Binary Logistic Regression Flashcards
What is a contingency table?
Summarises frequency distribution of each of two categorical variables and the association between them
What can a contingency table allow us to check?
▪️How each potential explanatory variable is related to the DV
▪️The categories for explanatory variables are large enough (at least 5)
▪️How many missing cases for each
What is the risk of an outcome?
The number of times the outcome of interest occurs divided by the total number of possible outcomes
How do you calculate the risk ratio (relative risk)?
Risk of one outcome divided by risk of the other outcome
What does a risk ratio of 1 indicate?
No difference between the groups
How do you calculate the odds of an outcome?
The number of times it occurs divided by the number of times it doesn’t occur
How do you calculate the odds ratio?
Odds of outcome in one group compared to odds of outcome in the other group
What does an odds ratio of 1 mean?
▪️Outcome occurs half of the time
▪️Exposure doesn’t affect the odds (no difference between groups)
What does an odds ratio <1 indicate?
Outcome occurs less than half the time
Indicates exposure is associated with reduced risk of developing outcome
What does an odds ratio >1 indicate?
Outcome occurs more than half the time
Indicates exposure is associated with increased risk of developing outcome
Which ratio can be used for case-control studies?
Odds ratio
When can you NOT use risk ratios and why?
In case control studies where selection of subjects is based on the outcome
What happens to RR and OR in rare outcomes?
They will be approximately equal
What can you assume about a relationship where the outcome is binary?

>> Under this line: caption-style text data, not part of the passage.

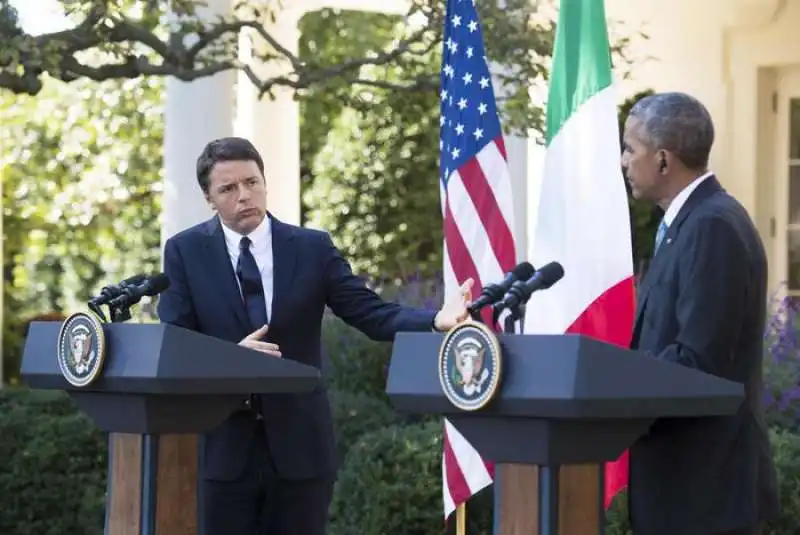 matteo renzi e barack obama  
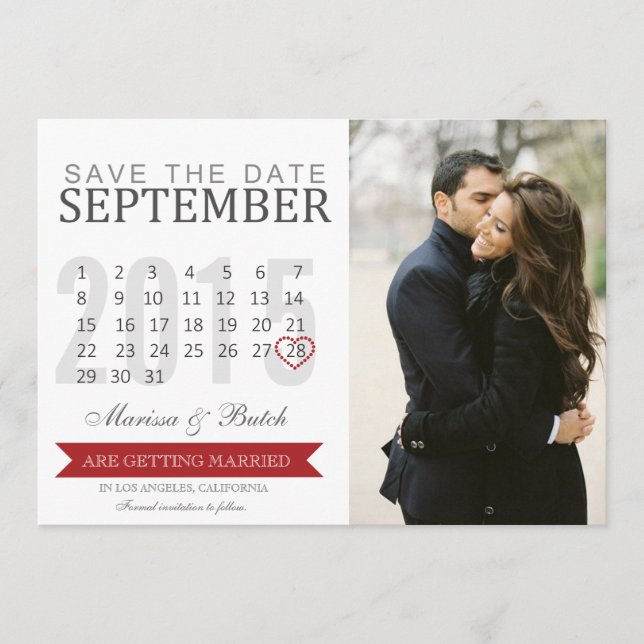 Spara datum i kalendern | Bröllop Datumet (Framsida)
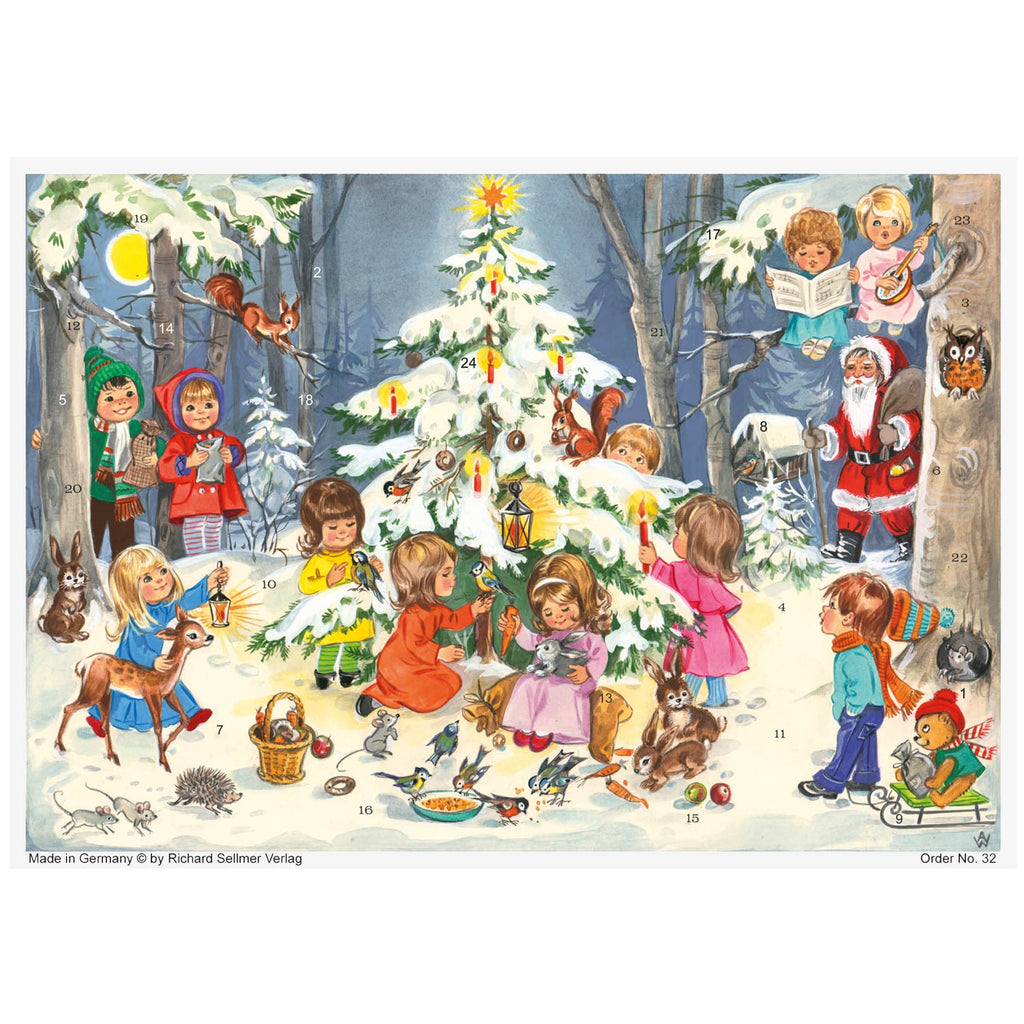 Calendario de Adviento "Diversión y juegos en el árbol de Navidad"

It is nonlinear, S-shaped (sigmoid) relationship
Linear cannot make sense!
▪️Outcome is limited to 0,1
▪️Goal is to separate groups, not minimise mean squared error
▪️Linear regression is highly sensitive to influential cases
▪️Assumptions of linear are violated, particularly homogeneity of variance
What is the link function?
A way of relating x and Y by way of a function in a logistic regression
To model the relationship between left and right hand side of the equation
g(y) = β0 + β1x1 + ε